As much as I truly do like what hospital medicine represents, I have come to the very strong conclusion that there are greener pastures.
As the days of my contract tick ever-so-slowly away, I wonder how soon is too soon to seriously start the job hunt. Given that I'm looking to geographically relocate a not-insignificant distance, and that I really don't even have a solid idea about what state I'm shooting for, I figure it's not too early to put the feelers out and ask for some courtesy tours.
But I did get a lil bummed out by some of the Sermo posts talking about how it took one guy 3 hospitalist jobs before he found one he was happy in.
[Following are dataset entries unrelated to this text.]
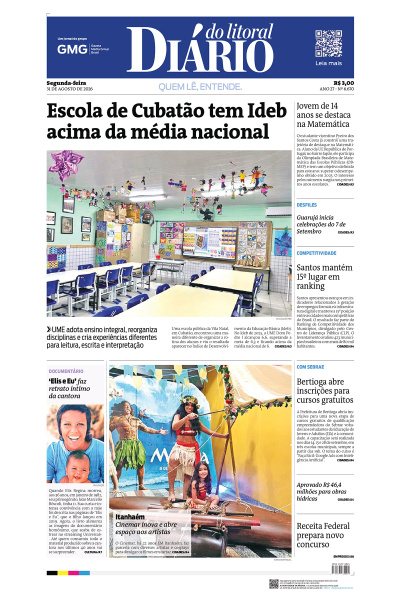 Diário do Litoral – Edição de 31 de agosto de 2026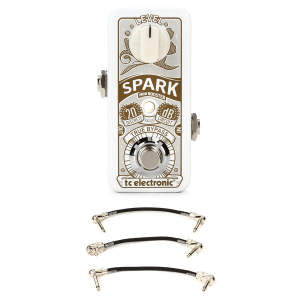 TC Electronic Spark Mini Boost Pedal with Patch Cables
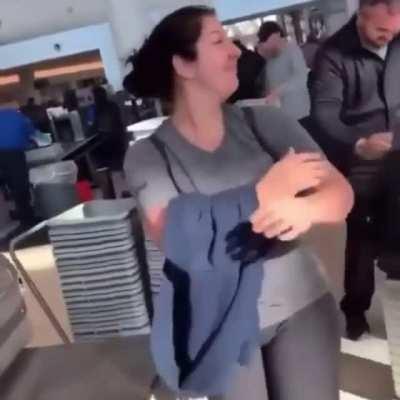 When you find out at the airport that your friends dropped off a giant sex toy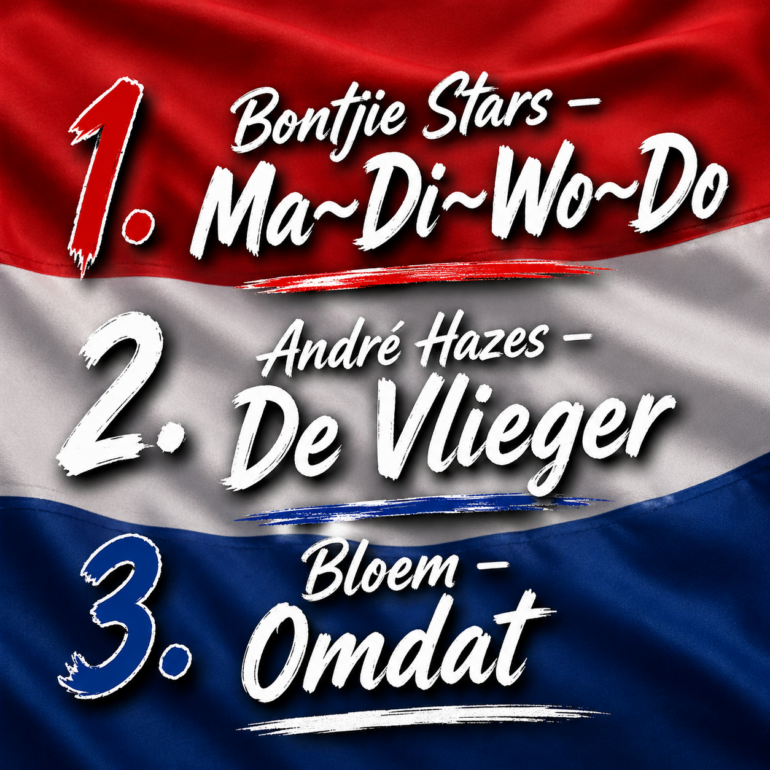 Nederpop Top 3 – 3  mei 2026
For reasons mostly out of my control, I think I've had more jobs post-residency than I had before it. It would be nice to settle down in a position that I can think of as a career rather than a means-to-an-end.
As a lifelong Midwesterner who has lived in some pretty great Midwestern cities, I'm bracing myself to find that as the Quality-of-Life index goes up, the quality of the hospitalist job plummets. Maybe that's not universally true. But as someone who lives in a great city and commutes to work in a town precious few would voluntarily choose to live in, I can tell you that small town hospitalist jobs can be as malignant as any in a cosmopolitan city. (Even if you've read your contract with a fine-toothed comb.)
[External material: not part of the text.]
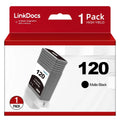 LinkDocs Compatible PFI120 PFI-120 Matte Black Ink Cartridges Replacement for Canon PFI120 PFI-120 PFI-120MBK Work for Canon ImagePROGRAF IPF TM-200 TM-205 TM-300 TM-305 and GP-200 GP-300 Printer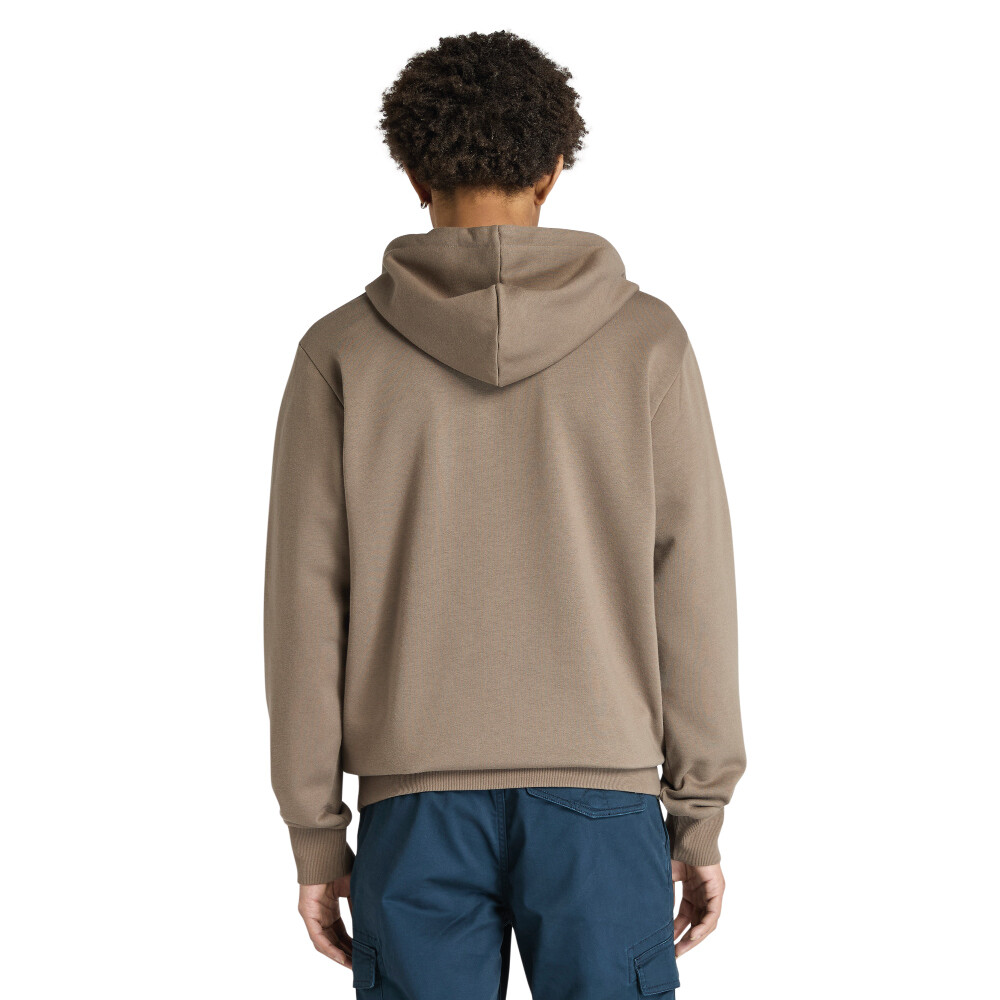 Polera Oyster River Chest Logo Hombre Chocolate Chip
I suppose I need to decide if I would ever work directly for a hospital again. As many cons as that comes with, one of the most regal screw-jobs I've ever heard of came at the hands of a private physician group (granted, that friend is in Emergency Medicine, so maybe that's more par for the course).
I'm glad I've found a profession I like. Now I need to find the good peeps I want to work in a town I want to hang my hat for years.